Tatapan mata yang berkali-kali kualihkan dari arah pintu, jam tangan, gelas minuman dan orang-orang di sekitar tidak juga membuat hati ini tenang. Jari-jari tangan bahkan seolah tidak menuruti perintah otakku untuk diam, terus saja mengetuk-ngetuk meja dengan irama yang mulai teratur. Kaki ini juga bergerak tidak beraturan, menghentak-hentak pelan seperti pemain drum atau menendang-nendang udara tidak sabar. Seluruh anggota badanku seakan tidak bisa diam seperti pikiranku yang mengelana tidak tentu arah sejak tadi pagi.



Ugh! Ini semua gara-gara sebelum aku berangkat kerja, tiba-tiba saja Bapak mengatakan hal yang membuatku syok. "Nduk, hari ini kamu mau ya ketemu calon suami kamu? Bapak udah atur waktu dan tempatnya. Tinggal kesediaan kamu aja."



Calon suami? Yang bahkan baru Bapak temukan empat hari yang lalu dan hari ini aku harus menemuinya?



Salahkan bulu kuduk ini yang otomatis meremang tanpa komando dari sang otak-mendengar ucapan Bapak. Dan salahkan juga sang otak yang langsung berkelana dengan bayangan-bayangan yang membuatku mual pada saat itu. Bersediakah aku?



Jujur saja dari lubuk hatiku yang paling dalam ingin berteriak 'aku nggak mau', tetapi memangnya aku masih punya hak menjawab sejujur itu? Di saat aku masih sangat ingat kalau aku sendiri yang meminta dengan tulus ikhlas kepada Bapak untuk mencarikan pria yang bisa menerimaku apa adanya.



Tetapi sekarang pikiranku justru berkelana, bagaimana jika siapa pun pria itu dia tidak sesuai dengan keinginanku? Membayangkan kalau calon yang didapat Bapak itu... tua, berperut buncit, bergigi tonggos, bermata juling, lengkap dengan tatapan mesumnya. Err, memangnya orang dengan mata juling bisa menatap mesum? Ya ampun Mae, apa sih yang kamu pikirin? Fokus!



Kembali lagi, memangnya aku masih punya keinginan? Di saat serangan teror mama minta mantu dan tidak ada satu pun nama pria yang bisa kupikirkan? Jawabannya adalah TIDAK ADA! Duh Gusti, begini amat ya nasib.



Hah, aku tetap berharap bisa memiliki suami dengan penampilan yang menentramkan hati.
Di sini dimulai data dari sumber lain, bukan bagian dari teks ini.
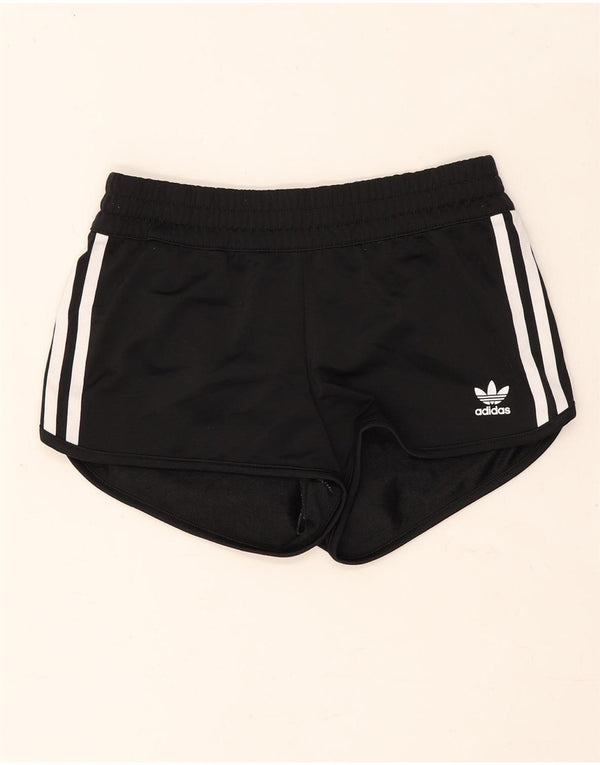 Pantaloncini sportivi Adidas da donna UK 6 XS poliestere nero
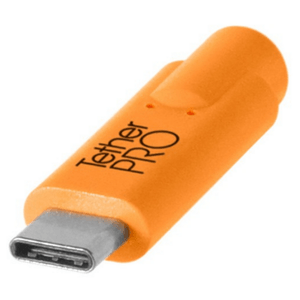 Cable Tether Tools USB 2.0 Tipo C a USB Mini-B con 5 Pines (4,6 metros)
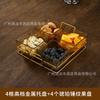 Bar ktv plato de frutas mesa de té acrílica comercial plato para bocadillos frutos secos bocadillos palomitas de maíz compartimento para postres frutos secos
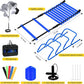 Agility Ladder, Agility Speed Training Set, 20ft 12 Rung Agility Ladder, 4 Agility Hurdles, 5 Resistance Bands, 12 Resistance Cones, Running Parachute, Jump Rope for Athletes, Adults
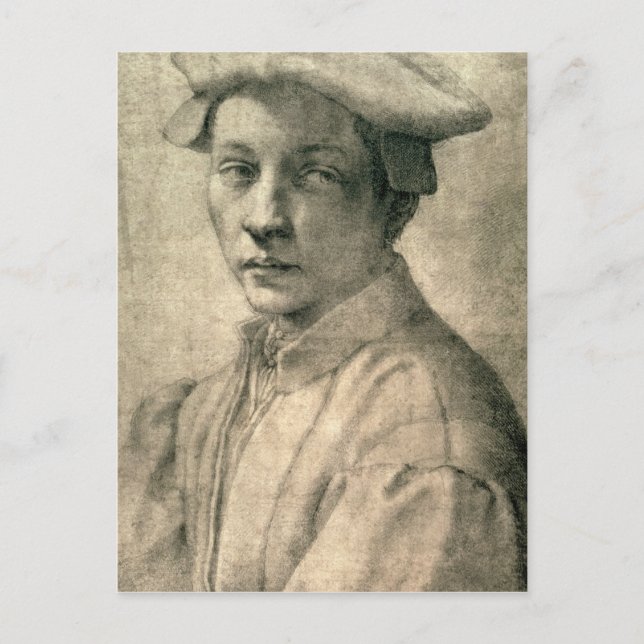 Postal Retrato de Andrea Quaratesi, c.1532 (Anverso)
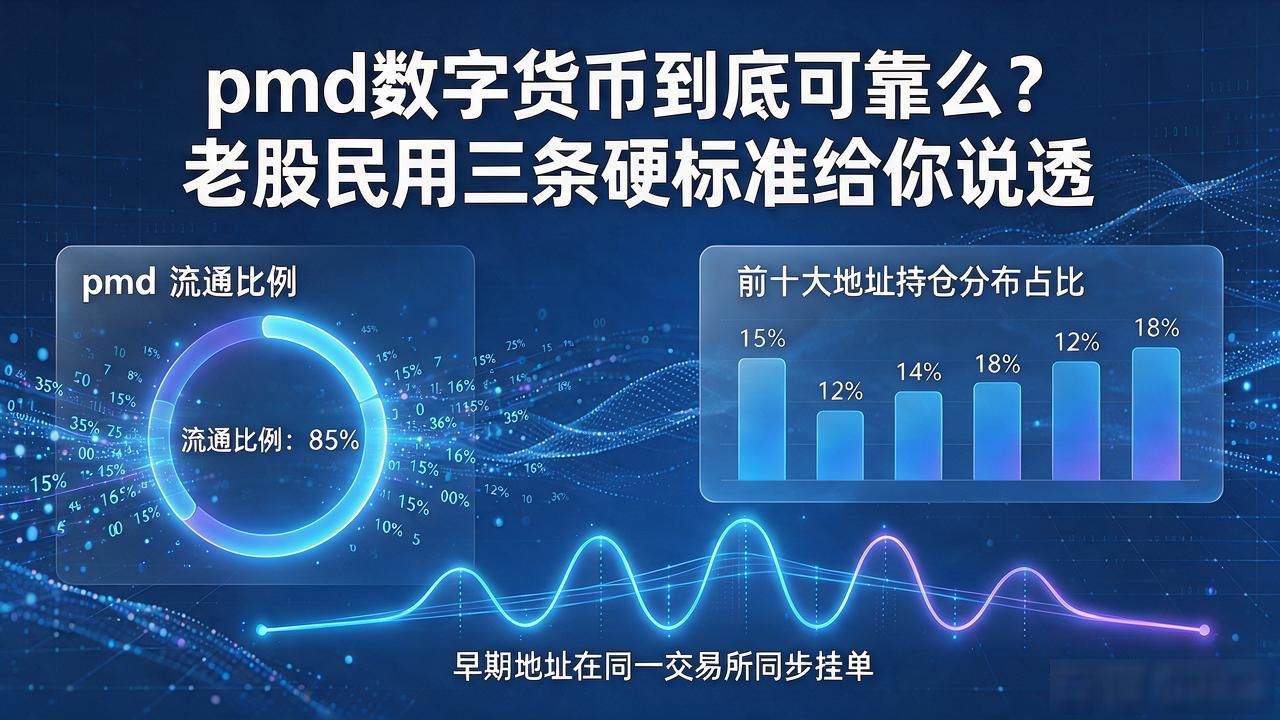 pmd数字货币到底可靠么?老股民用三条硬标准给你说透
Minimal berhidung mancung seperti Ali Syakieb supaya nantinya bisa membantuku meningkatkan kualitas keturunan kami kelak. Aku tidak mau munafik, karena bagaimana pun menurutku penampilan tetap merupakan faktor utama dalam mencari suami. Paling tidak untuk membayangkan seumur hidup bersama dengan orang tersebut, aku sama sekali tidak keberatan atau merasa tidak nyaman.



Yah, seperti yang sudah bisa diduga. Tidak ada lagi yang bisa kulakukan selain menjawab, "Nggeh, Pak."



Toh kalau bukan hari ini, Bapak pasti akan merancang hari-hari yang lain untukku bertemu dengan siapa pun pria itu. Jadi, siap tidak siap aku harus menyiapkan nyali. Jika nantinya pria tersebut sangat tidak sesuai dengan keinginan, aku akan mencoba merundingkan lagi masalah jodoh ini walau harus memancing perdebatan lagi.



Dan kini, setelah duduk manis selama 18 menit di kafe yang Bapak pilihkan-dekat dengan perpustakaan tempatku bekerja-aku masih duduk sendirian tanpa ada tanda-tanda kedatangan sang calon suami yang tidak aku ketahui siapa namanya hingga detik ini. Entah memang Bapak sengaja mengerjaiku, atau Bapak sengaja ingin membuat efek pertemuanku dan sang calon suami terasa mengejutkan, yang jelas sampai saat ini aku tidak diberitahu apa-apa mengenai calonku itu-bahkan namanya. Bapak hanya bilang dia pria baik yang pasti akan sangat cocok untukku. Betapa beruntungnya aku jika pria itu benar sebaik yang Bapak katakan. Tapi aku ragu, mana ada pria baik yang seputus asa ini mau-mau saja dijodohkan denganku? Wanita dengan wajah minimalis praktis sepertiku ini. Karena setahuku, stok pria baik sudah menipis disebabkan wanita-wanita cantik di luaran sana.



Sekali lagi tatapan mataku mendarat di jam tangan bergambar karakter Hello Kitty norak berwarna pink. Biar norak tetap saja jam tangan ini adalah jam tangan kesayangan yang sudah berkali-kali kureparasi mesin dan baterainya.